The Stories Within Us

I had a most illuminating discussion with my daughter at the dinner table last night.

We were talking about reading and stories (as we often do), and Miss B. said to me matter-of-factly: “I have all sorts of stories inside me Mummy, so when I’m alone I can take them out and read them.”

I was intrigued. I asked her to tell me one.

She put down her fork (there go two weeks’ worth of exhortations to “stop talking and eat your dinner”), closed her eyes and murmured “I’m looking through the pile…let me see…Ah! The bottom one.” She opened her eyes, smiled and proceeded to tell the story.

The Eater Metre

Once there was a man who wanted to eat 12 ice creams really quickly, one after the other. Another man next to him said, “Watch out! You’d better hurry up, or the Eater Metre will eat them all!”

So he did.

The End.

There followed a very creative description of the Eater Metre, who is half-robot, half-man, and who eats lots and lots of food very very quickly. (The name refers to the amount – or more accurately, the measurement of food he can consume in just a few seconds.)

The conversation surprised and moved me. I am struck by the ease with which Miss B. both creates and accesses a rich internal universe. There are no constraints on her imagination. And when the lights go out at night, or when she is pottering about in her room, or as she plays quietly in the early morning (emphasis on QUIETLY, on pain of death), she obviously draws on these wonderful imaginings to amuse and entertain her. Sometimes she writes her stories down – at the moment she’s “working on her second book” – but mostly they are secret treasures, designed to keep her heart company and illustrate to her own little self her thoughts and hopes and wonderings about the world. What a gift.

It made me think about the stories we all have within us. Not literal stories like Miss B’s, but the stories of our lives, our longings, our hopes and dreams, our own attempts at working out the world. They’re all in there. Sometimes it’s too painful or frightening to access them directly, so they emerge, sometimes insidiously, in other forms – in the choices we make, the partners we love and hate, the careers we commit ourselves to.

As a writer I have the wonderful opportunity to transpose my internal world onto the page (or computer screen) and share it. This doesn’t mean I tell you the literal story of my life with all its struggles and successes. Christ, you’d be bored to fecking tears. What I mean is, no matter how fictional my work is, it will always contain echoes of my personal universe. In this way I am able not only tell a story, but also to create an outlet for my inner demons (and angels). And all this without harming anyone or getting arrested. Bonus.

Take for example my previous post “A Novel Synopsis”, where I provided a synopsis-in-progress for my novel-in-progress. It wasn’t until I took the time to sit down and craft this that I realised how much of “me” there is in my novel. I didn’t intend it to be that way, but I now realise that my subconscious, crafty wee bastard that it is, has been writing my novel alongside me. (Come to think of it, that’s probably why my pen always seems to go missing.)

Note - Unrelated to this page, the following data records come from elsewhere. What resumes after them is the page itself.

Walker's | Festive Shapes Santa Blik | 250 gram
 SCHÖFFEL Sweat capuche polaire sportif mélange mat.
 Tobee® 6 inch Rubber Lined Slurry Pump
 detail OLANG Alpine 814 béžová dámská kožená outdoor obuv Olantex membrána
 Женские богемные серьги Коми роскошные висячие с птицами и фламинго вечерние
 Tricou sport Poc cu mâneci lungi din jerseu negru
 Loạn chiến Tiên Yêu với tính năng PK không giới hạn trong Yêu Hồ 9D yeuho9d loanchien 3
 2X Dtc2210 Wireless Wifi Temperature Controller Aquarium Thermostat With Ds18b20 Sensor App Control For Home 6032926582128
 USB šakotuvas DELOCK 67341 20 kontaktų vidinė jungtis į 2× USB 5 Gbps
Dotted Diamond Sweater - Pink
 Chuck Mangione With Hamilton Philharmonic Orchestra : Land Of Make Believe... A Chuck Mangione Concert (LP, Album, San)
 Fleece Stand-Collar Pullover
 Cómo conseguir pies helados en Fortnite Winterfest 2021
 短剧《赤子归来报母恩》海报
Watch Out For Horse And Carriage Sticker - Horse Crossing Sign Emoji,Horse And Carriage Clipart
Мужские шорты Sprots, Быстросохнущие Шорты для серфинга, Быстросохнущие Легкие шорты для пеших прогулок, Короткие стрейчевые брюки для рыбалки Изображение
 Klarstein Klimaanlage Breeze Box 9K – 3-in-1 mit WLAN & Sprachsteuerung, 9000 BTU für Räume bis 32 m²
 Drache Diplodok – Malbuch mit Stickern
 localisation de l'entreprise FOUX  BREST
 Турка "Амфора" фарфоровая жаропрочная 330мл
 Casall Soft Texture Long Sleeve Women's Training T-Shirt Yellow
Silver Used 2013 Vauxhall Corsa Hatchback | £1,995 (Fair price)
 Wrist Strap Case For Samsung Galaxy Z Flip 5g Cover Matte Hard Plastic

The very first sentence I wrote was “This is the story of my Jailbreak from Heaven.” Don’t know why. It just came into my head and suddenly there it was on the screen. (And this is the approach I have taken for much of the journey – turn on my computer, start typing and see where it leads me. I love Sharon O’Brien’s quote: “Writing became such a process of discovery that I couldn’t wait to get to work in the morning: I wanted to know what I was going to say.”)

My novel is set, partly at least, in an imaginary “Heaven”, and a number of Biblical characters make appearances, some cameo, some more significant. I’ve been having great naughty fun with this. So it’s interesting to wonder – did my upbringing as the daughter of a Presbyterian Minister subconsciously influence my subject matter? Probably. Is it also significant that the central characters are an estranged father and daughter who eventually find connection, and that their story is a distant echo of my own experience? Again, I didn’t set out to create those characters. They seemed to create themselves as I simply kept my fingers moving over the keyboard. Maybe I was standing back and making space for them.

I could go on, but you get the idea. This is why I love writing – if you simply let go and enjoy the ride you never know where it will take you – but inevitably perhaps, you always end up back at your own doorstep.

The stories within us are precious and universal. Those of us who can find some way to express them are blessed indeed. And children are perhaps the most blessed of all, because for them the process holds no fear.

If you have children, I encourage you – just sometimes – to put the library books and the school books aside and simply…make up stories together. Set your imagination free and let it roam where it chooses. See what emerges, and be adventurous enough to wonder why.

And if Miss B.’s teacher is reading this – she left the dinner table last night and read her homework book. Honest.